I compile the source code in the aarch64 machine. When I use Pytorch for distributed training, there are always segment errors, just like this:
Traceback (most recent call last):
File "/GPUFS/nsccgz_xliao_lds/local/python3.7/lib/python3.7/runpy.py", line 193, in _run_module_as_main
"__main__", mod_spec)
File "/GPUFS/nsccgz_xliao_lds/local/python3.7/lib/python3.7/runpy.py", line 85, in _run_code
exec(code, run_globals)
File "/GPUFS/nsccgz_xliao_lds/local/torch/lib/python3.7/site-packages/torch/distributed/launch.py", line 263, in <module>
main()
File "/GPUFS/nsccgz_xliao_lds/local/torch/lib/python3.7/site-packages/torch/distributed/launch.py", line 259, in main
cmd=cmd)
subprocess.CalledProcessError: Command '['/GPUFS/nsccgz_xliao_lds/local/python3.7/bin/python3', '-u', '/GPUFS/nsccgz_xliao_lds/deepnet_mpi/CosmoFlow.py', '--local_rank=0', '--epochs=120', '--backend=gloo', '--workers=0', '--batch-size=1', '--print-freq=50', '--data=/GPUFS/nsccgz_xliao_lds/Nbody/datasets/v6']' died with <Signals.SIGSEGV: 11>.

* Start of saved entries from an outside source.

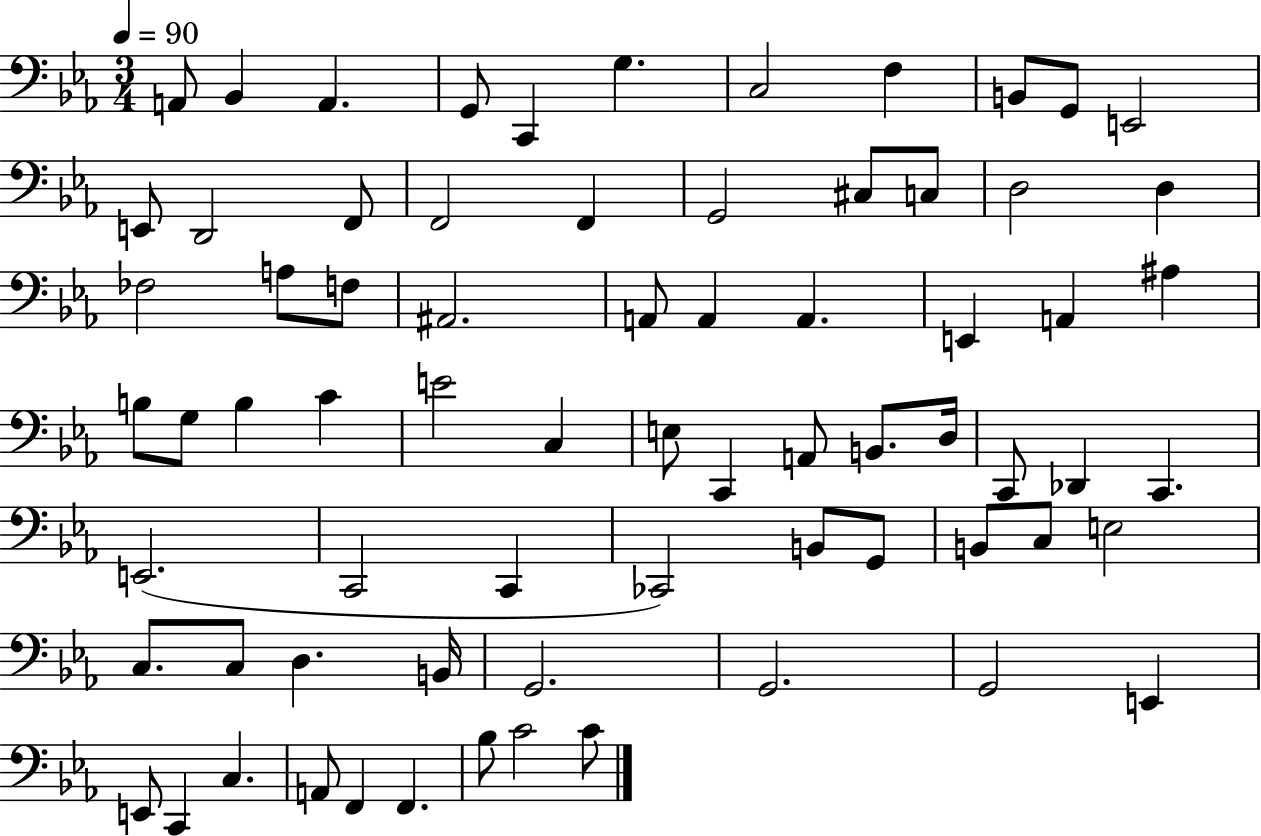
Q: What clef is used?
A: bass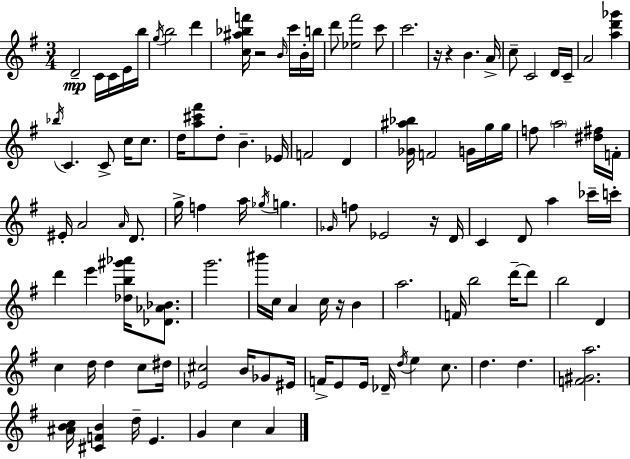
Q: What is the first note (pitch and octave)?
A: D4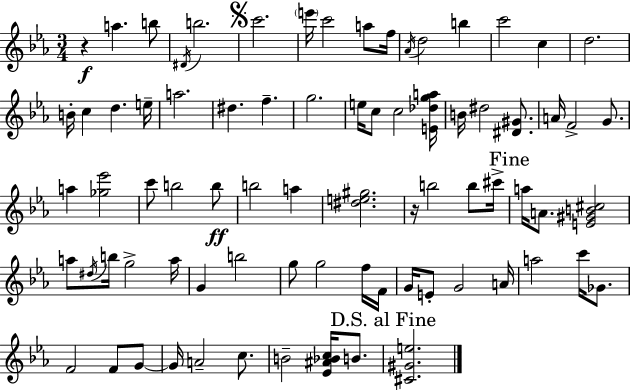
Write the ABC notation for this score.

X:1
T:Untitled
M:3/4
L:1/4
K:Eb
z a b/2 ^D/4 b2 c'2 e'/4 c'2 a/2 f/4 _A/4 d2 b c'2 c d2 B/4 c d e/4 a2 ^d f g2 e/4 c/2 c2 [E_dga]/4 B/4 ^d2 [^D^G]/2 A/4 F2 G/2 a [_g_e']2 c'/2 b2 b/2 b2 a [^de^g]2 z/4 b2 b/2 ^c'/4 a/4 A/2 [E^GB^c]2 a/2 ^d/4 b/4 g2 a/4 G b2 g/2 g2 f/4 F/4 G/4 E/2 G2 A/4 a2 c'/4 _G/2 F2 F/2 G/2 G/4 A2 c/2 B2 [_E^A_Bc]/4 B/2 [^C^Ge]2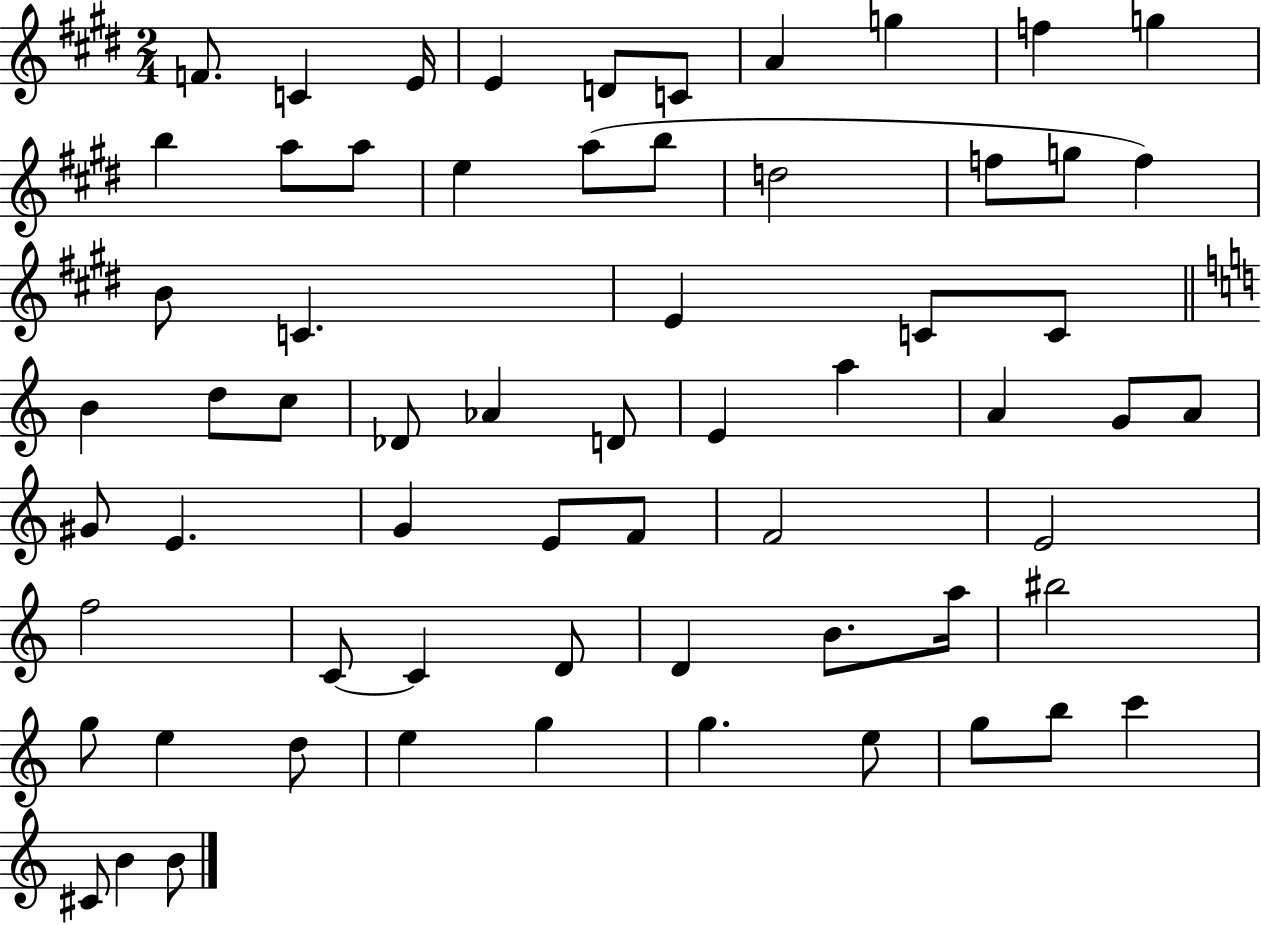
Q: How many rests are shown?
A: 0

I make a simple test and then I found the error occurs during back propagation.
loss.sum.backward()
collect_env:
Collecting environment information...
PyTorch version: 1.5.0a0+4ff3872
Is debug build: No
CUDA used to build PyTorch: None
OS: CentOS Linux release 7.6.1810 (AltArch)
GCC version: (GCC) 9.2.0
CMake version: version 2.8.12.2
Python version: 3.7
Is CUDA available: No
CUDA runtime version: No CUDA
GPU models and configuration: No CUDA
Nvidia driver version: No CUDA
cuDNN version: No CUDA
Versions of relevant libraries:
[pip3] numpy==1.19.1
[pip3] torch==1.5.0a0+4ff3872
[conda] Could not collect
uname -a
Linux aln220 4.14.0-115.el7a.0.1.aarch64 #1 SMP Sun Nov 25 20:54:21 UTC 2018 aarch64 aarch64 aarch64 GNU/Linux
And I use the OpenBLAS as the BLAS backend.And I found if I set the environment variable OMP_NUM_THREADS to 1, this error will not occur.